How to Avoid Nine Ways to Ruin Your Novel

Oh, you don’t want your book to totally suck? Huh. Well, maybe this is the right post for you—how to avoid those nine ways to ruin your novel.

No conflict

Even in literary fiction (actually, especially in literary fiction), we read to experience life through the characters. There really is no better way to relate to a character than to root for them, to really understand what they want and need and hope that they’ll get it, to feel defeat at their setbacks and catharsis at their final victory.

They need to want something, and that something needs to be worthwhile, worth struggling for 300 pages. Conflict is necessary, on every level.

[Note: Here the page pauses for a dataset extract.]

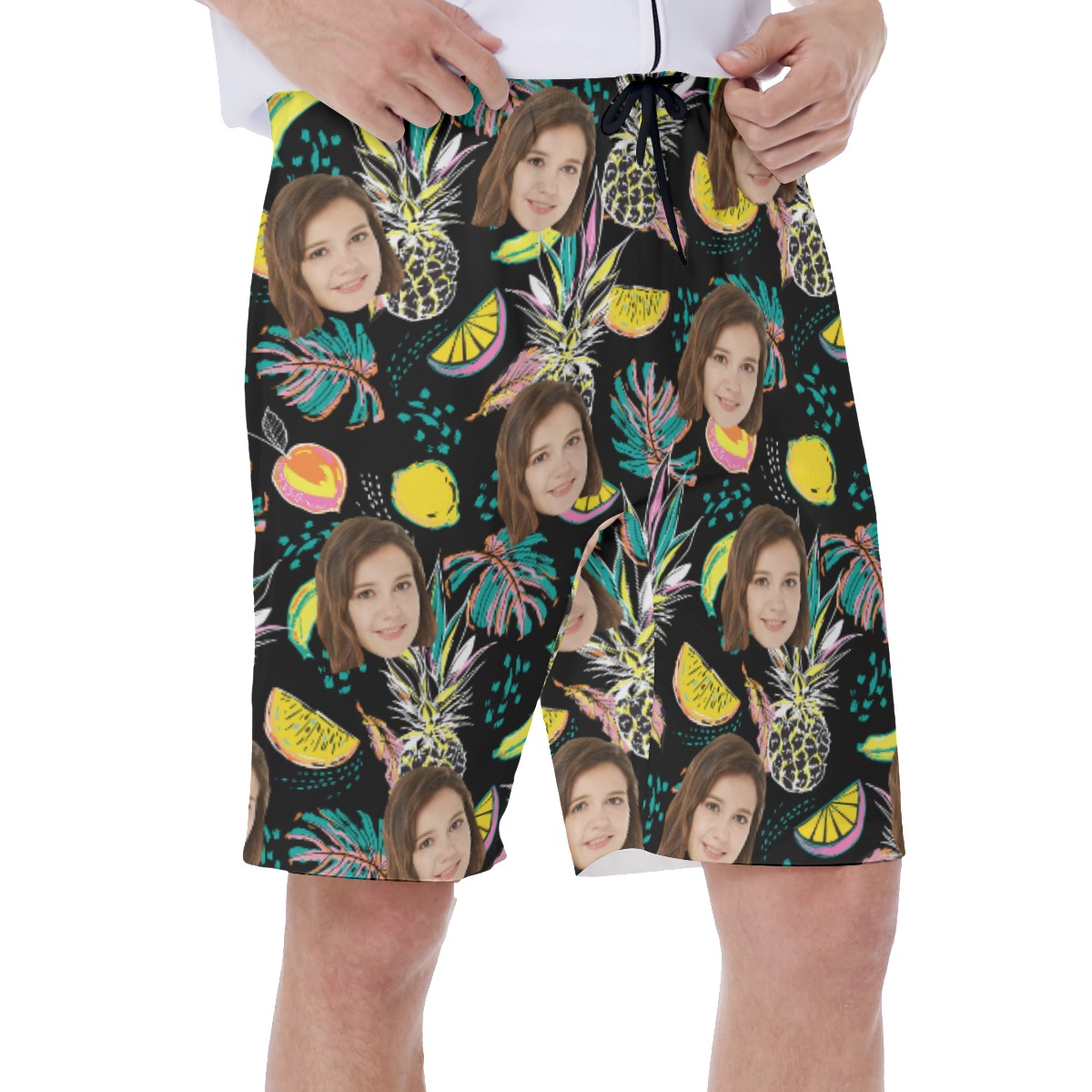 Vintage Pineapple Men's Hawaiian Swim Trunks With Custom Face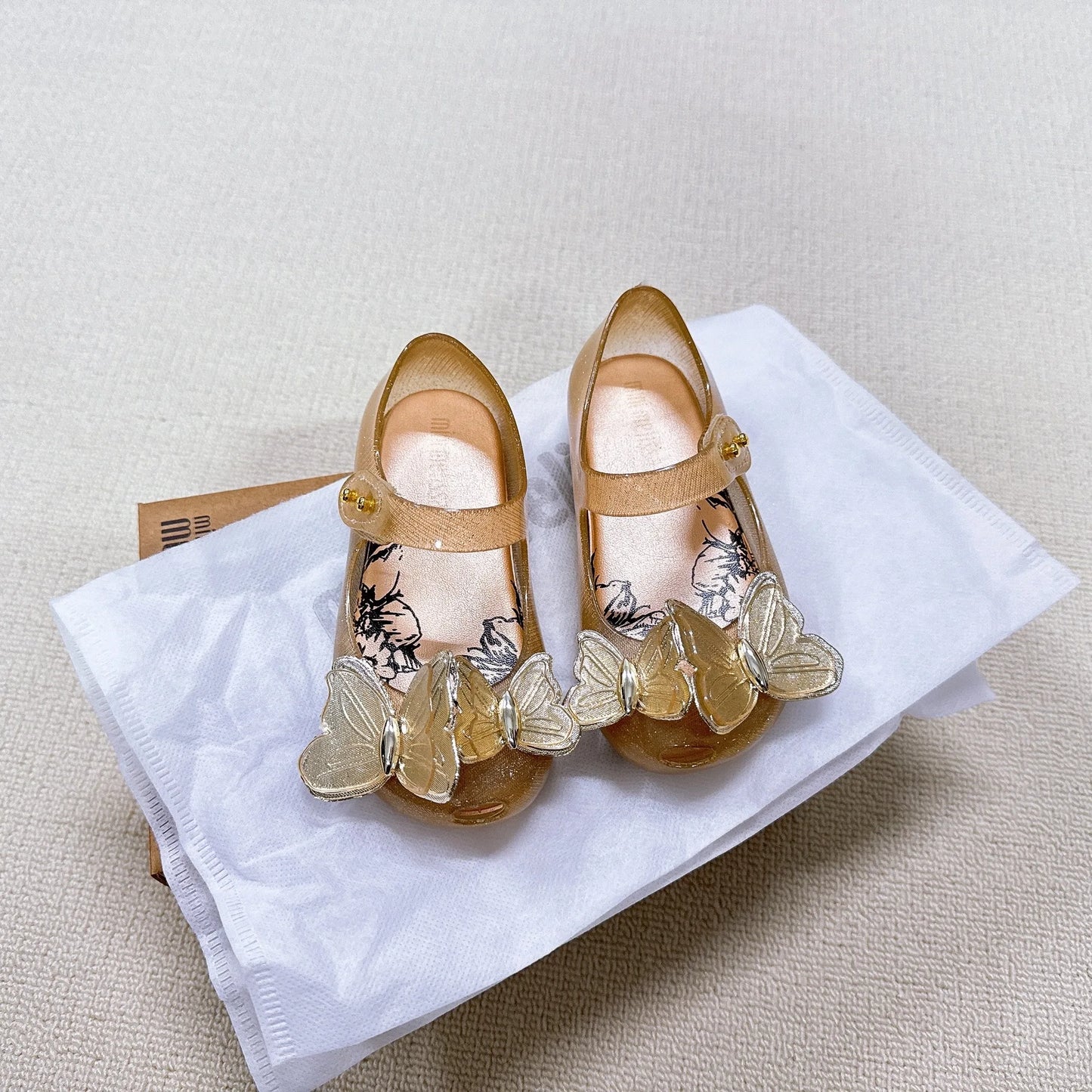 Children's Fashion Shoes Pink Metal Sequins Three-dimensional Butterfly Rhinestone Jelly Girls' Beach Sandals Trendy Shoes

Your characters should want something (“even if it’s only a glass of water,” to quote Kurt Vonnegut) in each scene and in the book overall.

Need more conflict? Read more about plotting to add it on a macro level, or tension & suspense to add conflict to each scene and page. Or skip straight to 37 ways to add tension & suspense to your book!

No Emotion

I’m going to be saying this a lot, but readers read to connect with someone else’s life experiences. Humans are emotional creatures, and tapping into those emotions is almost like a powerful short circuit button for authors: show your characters’ emotions so vividly that your readers can’t help but experience those feelings themselves, and you’ll have your readers laughing, crying—and hooked.

Need more emotion? Read more about adding emotion to your novel!

No Effort

Like most people, I can be pretty lazy. Sometimes I hate hate HATE editing, especially the drudgery of scouring my work line by line for every little “JUST.”

Yeah, that’s lazy. Lazy writing can go even beyond that, though: not just using but relishing cliches, the automatic, trite phrases that have been used so often that we don’t think about them and they barely retain their meaning anymore.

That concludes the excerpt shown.